Wright spewing alternative facts
THE EDITOR, Sir:
I write from an independent perspective to underscore a societal phenomenon. Regrettably, as human beings, we are at times less concerned with accuracy and are more intrigued by sensationalism.
Direct reference is made to Andre Russell's situation as encapsulated in The Wright View, dated March 14, 2017 and Letter of the Day, dated March 17, 2017 by Queen's Counsel Patrick Foster (Mr Russell's attorney).
It is readily apparent that Foster's article sought to set the record straight. His refutation of the plethora of inaccuracies contained in The Wright View remains, to date, unanswered. Ergo, the disparaging remarks about the athlete compounds.

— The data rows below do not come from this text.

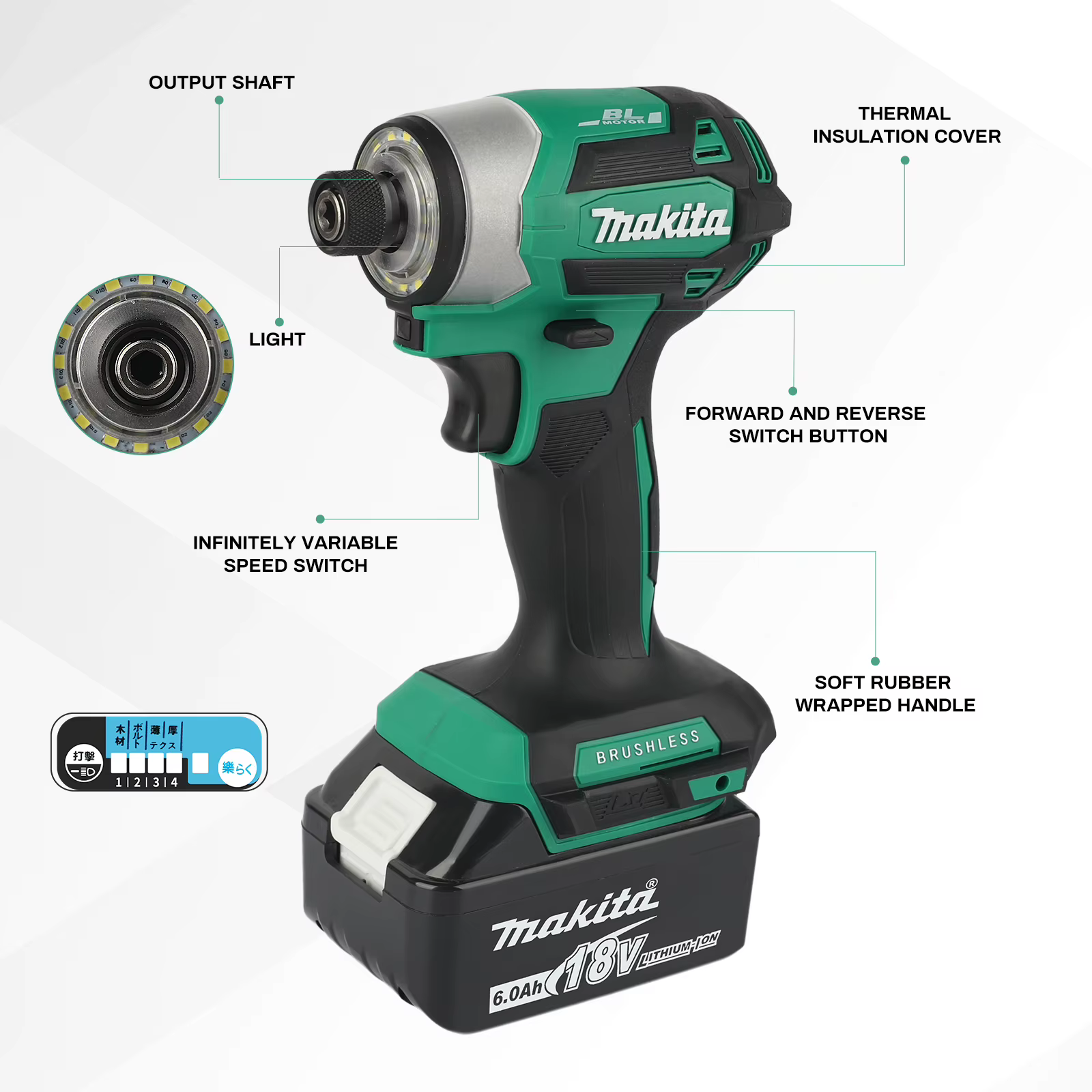 Makita DTD173 Visseuse à chocs sans balais |   180 Nm de couple maximal avec mode T pour le travail du bois, des boulons et des métaux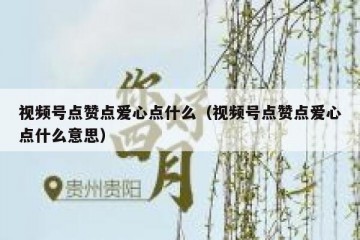 视频号点赞点爱心点什么（视频号点赞点爱心点什么意思）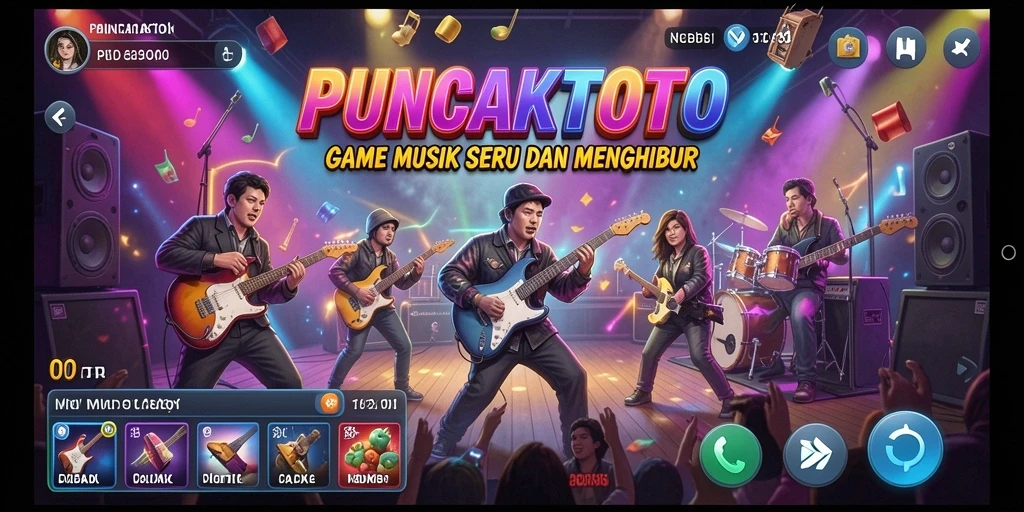 Tampilan visual menakjubkan PUNCAKTOTO saat gameplay musik.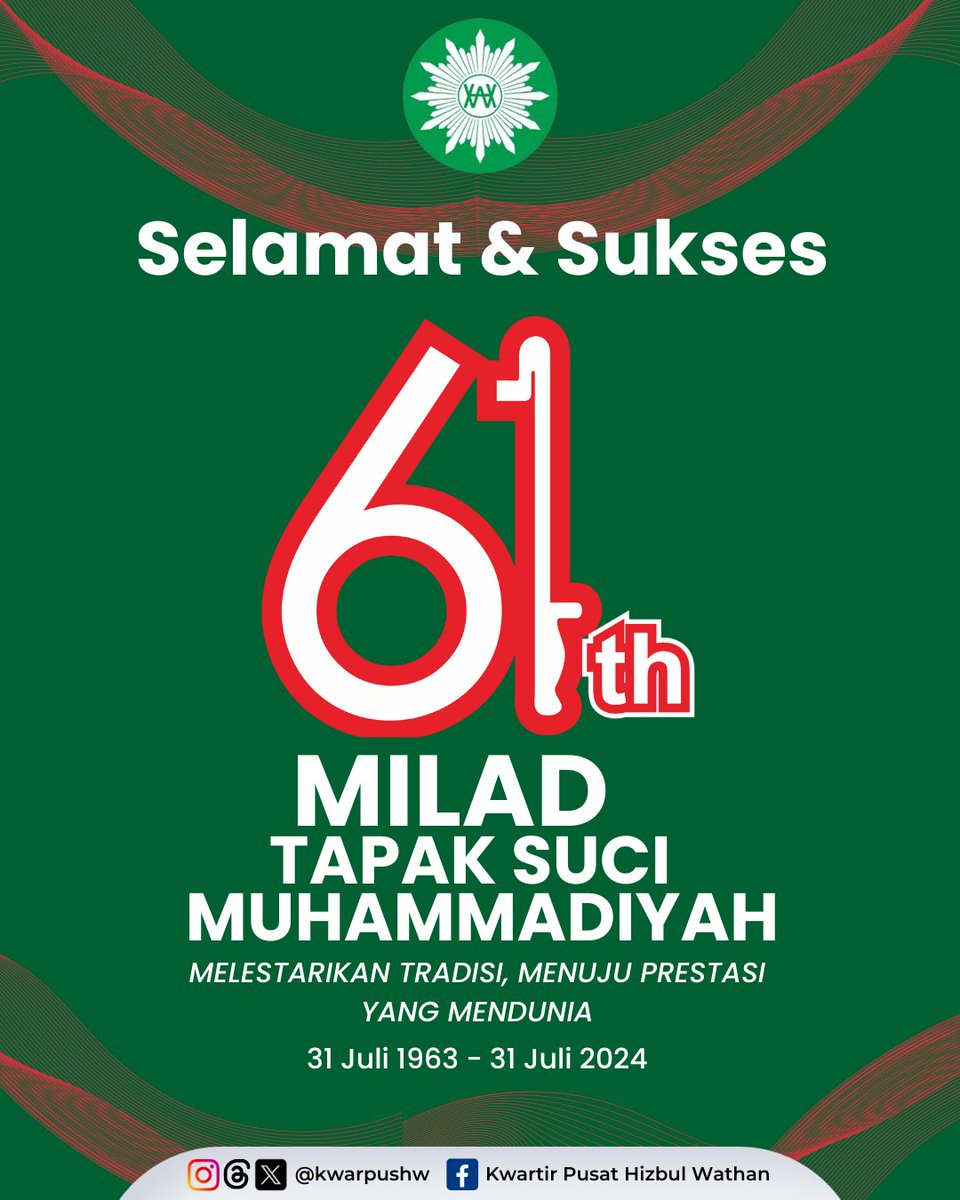Selamat Milad ke-61 Tahun Tapak Suci Putera Muhammadiyah

Semoga terus menjadi insan pendidik karakter generasi muda lewat seni bela diri dalam rangka melestarikan tradisi, menuju prestasi yang mendunia.

Salam HW Yes! 
#HizbulWathan #Muhammadiyah 
facebook.com/share/p/AfaFFh…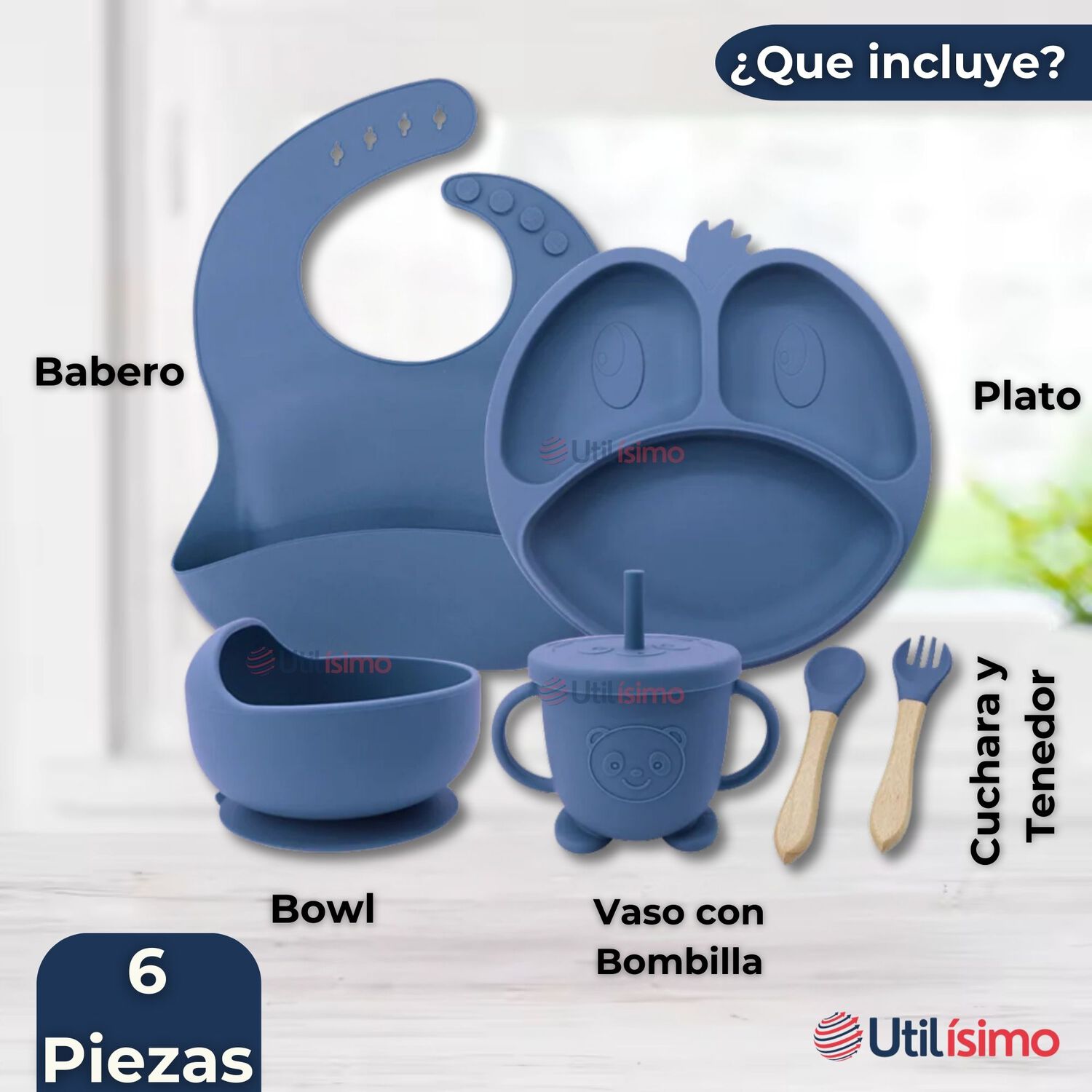 Set De Alimentaci&oacute;n Beb&eacute; Silicona De Formas 6 Piezas Libre Bpa Color Azul image number 6.0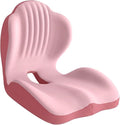 SakerPlus Ergonomic Seat Cushion Ergonomic Memory Foam Seat Cushion, L-Shaped Office Chair Cushion & Car Seat Cushion for Long Sitting, Lower Back Support Pillow for Office, Home, Driving (Pink)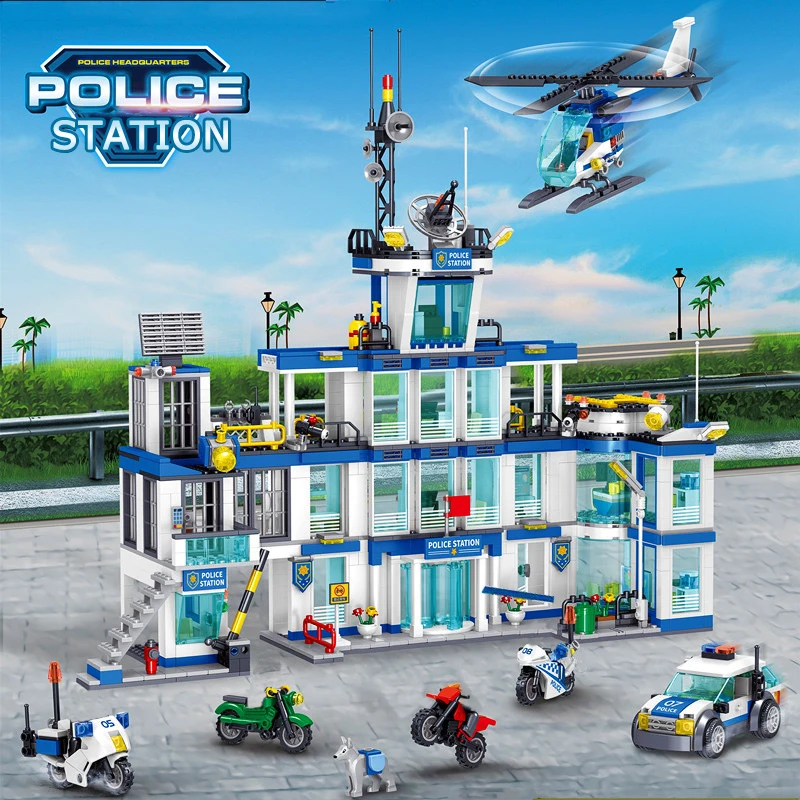 

Street View City Police Station Building Blocks Creative Expert SWAT Police Aircraft Bricks Model Toys For Boy Birthday Gift MOC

One would expect at the bare minimum an apology or a withdrawal soonest in time after the realisation that alternative facts were adduced. Curiously, instead, the response to Foster's refutation captured in The Wright View column dated March 21, 2017 descended to an all-time low. Instead of correcting the falsehood and misrepresentations of Mr Russell missing a drug test (not true), Mr Wright sought to personally attack the Queen's Counsel. Mr Wright could have responded by acknowledging that he was wrong on the facts and that Mr Russell was only charged for a filing failing.
The most effective resolution to a problem is by identifying or acknowledging it. Rather, Wright invoked the wrong approach by failing to address the issues and again opted to pursue another sensational course by his failed attempt at ridicule.
Mr Wright, two wrongs don't make a right. In life, we see what we want to see. If you search for ugliness, you will find plenty of it. But the opposite is also true. If you look for the extraordinary in the ordinary, you can train yourself to see it. The question is, can you?
To me, it's all a matter of intention. An honest mistake can be forgiven. Deliberate attempts to spew falsehood and damage a man's reputation are, quite frankly, unacceptable. Despite its success, Trumpism has no place in fair and responsible column writing. We must not allow ourselves to facilitate and perpetuate what is now popularly termed as the post-truth era of the world.
In the final analysis, the facts are the facts, which speak for themselves and which are also incapable of being manufactured in the eyes of discerning members of the public. I implore Mr Wright to do the right and honourable thing and correct the inaccuracies in his column and apologise to Mr Russell.